What Is Wolverine Blend?

Wolverine Blend is a pre-mixed single-vial combination of BPC-157 and TB-500 in a 1:1 ratio by mass. It exists because the two peptides are the canonical healing stack and they work on completely separate, non-overlapping mechanisms - combining them in one vial removes a reconstitution step and a separate draw without changing the pharmacology. BPC-157 (Body Protection Compound, a 15-amino-acid pentadecapeptide derived from a protective sequence in human gastric juice) works mostly locally: it upregulates VEGFR2 and drives new capillary formation into damaged tissue, modulates the nitric oxide system to protect against ischemia/reperfusion damage, and upregulates growth hormone receptor expression on fibroblasts (which is the proposed handoff to the GH axis for tendon healing). TB-500 (the N-acetyl active fragment of Thymosin Beta-4) works systemically: it binds G-actin monomers and regulates actin cytoskeleton assembly, which is what lets cells migrate to injury sites, build new tissue, and form new blood vessels. Downstream of that, TB-500 upregulates VEGF and other angiogenic factors, activates progenitor and endothelial cells into the wound bed, and dampens pro-inflammatory cytokines (TNF-alpha, NF-kB).

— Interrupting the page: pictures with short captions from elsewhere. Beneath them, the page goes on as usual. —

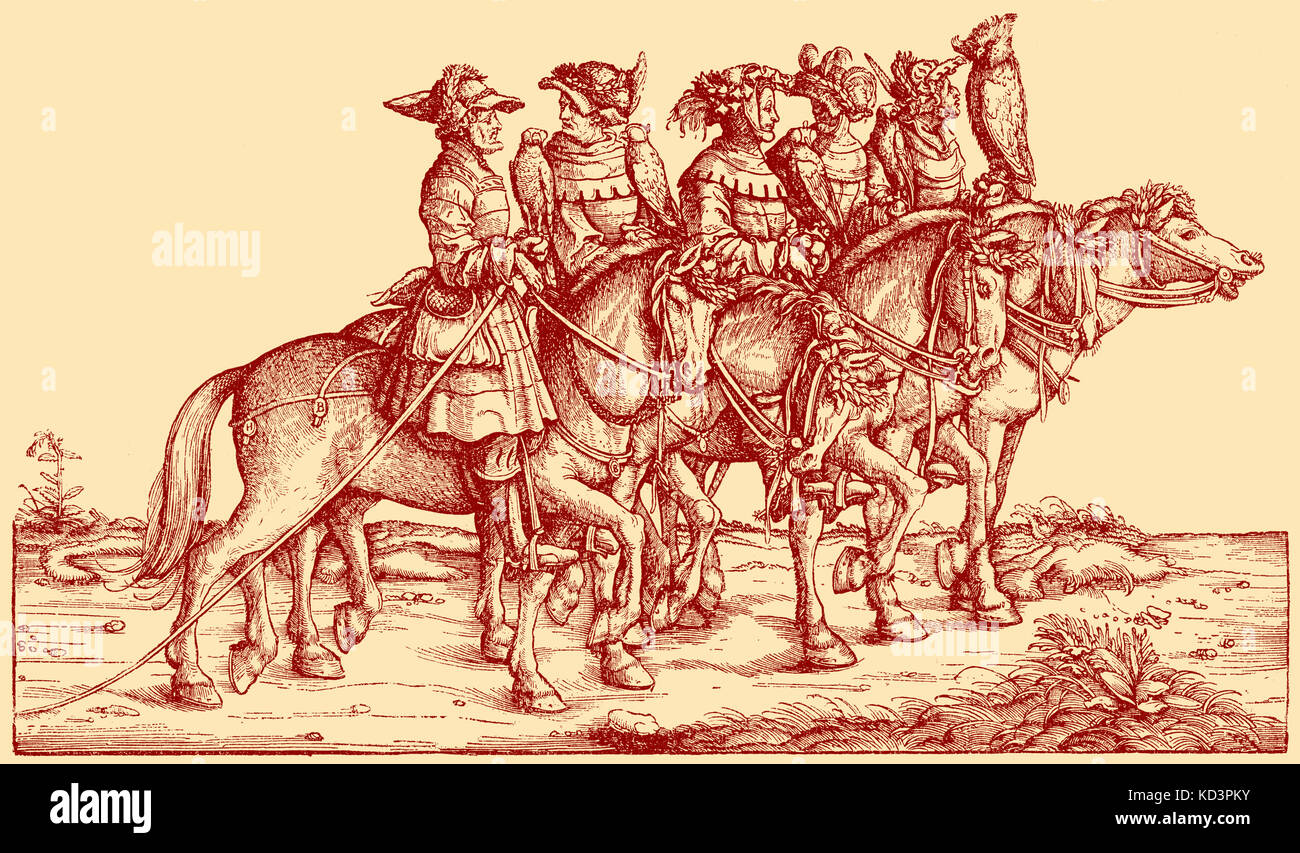Jäger mit Falken zu Pferd, Triumphzug von Maximilian I., Heiliger römischer Kaiser (22. März 1459 - 12. Januar 1519). Holzschnitt-Illustration von Hans Burgkmair (1472 - 1531) Stockfoto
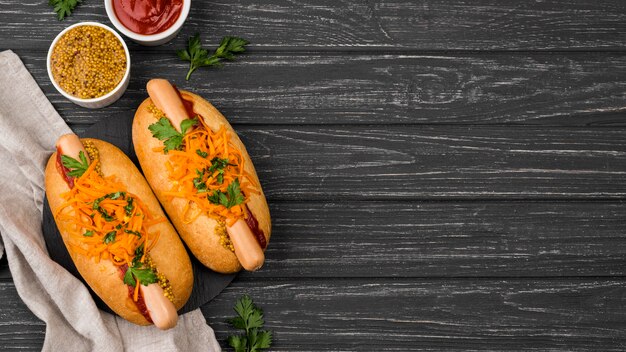 Flat lay hot dogs with copy-space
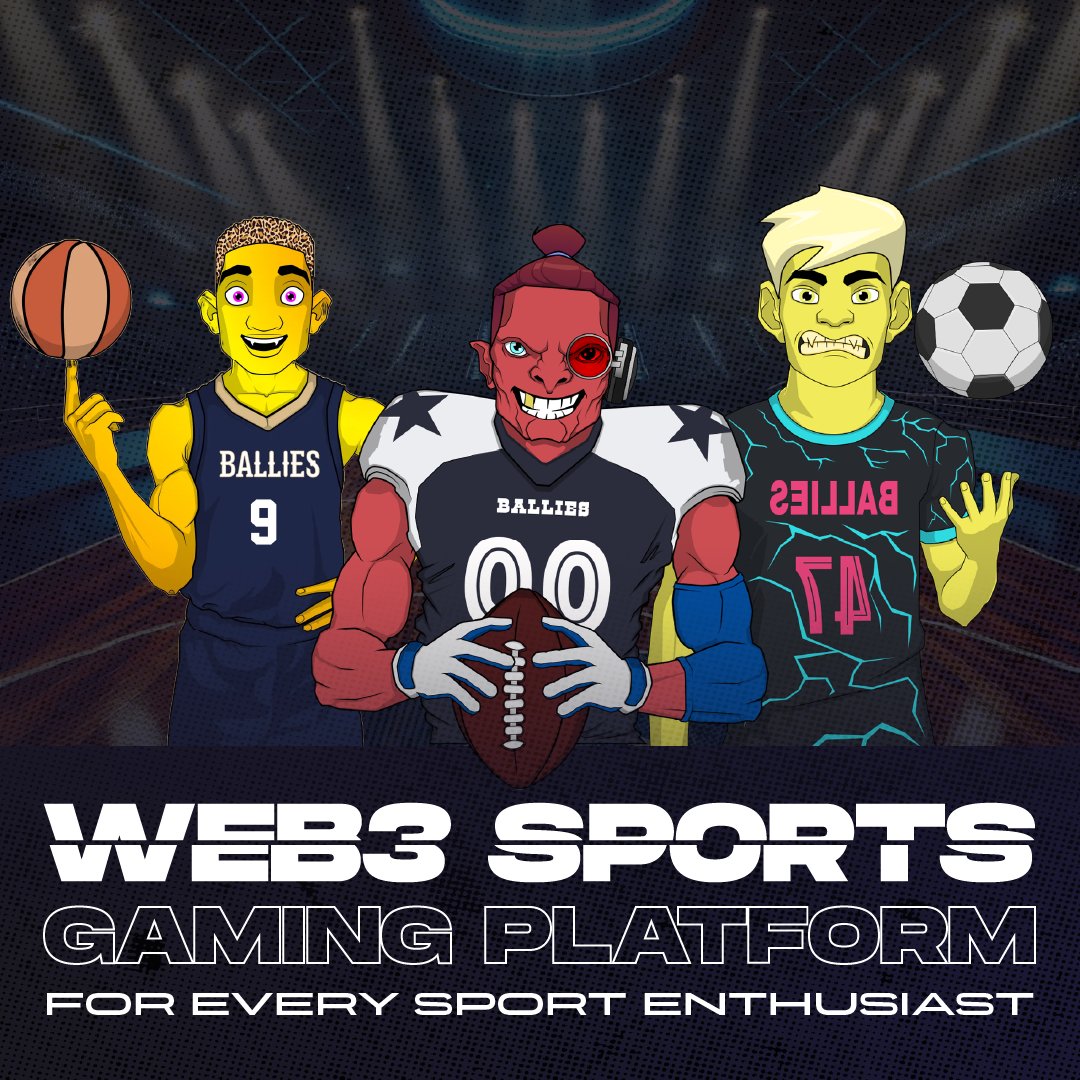 BalliesUniverse's tweet image. Web3 sports gaming platform with the best games, gaming infra &amp;amp; governance 🏀⚽️🏈

Top KOLs, ambassadors, launchpads 😎
Fantastic web3 community 😍
Revolutionary lend-to-earn protocol 🤑

$BALL on @ethereum 👾
Let's keep on Ballin'! token.ballies.gg
ballies.gg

The two layer cleanly. BPC drives the local capillary growth and tells the tissue near the injection site to repair; TB-500 drives the systemic cell-migration and inflammation-resolution layer that BPC alone doesn't fully cover. In plain language: BPC tells the body to grow new blood supply into broken tissue, TB-500 tells the cells to move in, lay down structure, and quiet the inflammation. Together they cover the full repair cycle (angiogenesis, cell migration, tissue remodeling, inflammation resolution), which is why this stack became the default community answer for injury and recovery research over the last decade.

Protocols

Typical dose ranges by experience level - educational reference. Message us and we tailor it to you.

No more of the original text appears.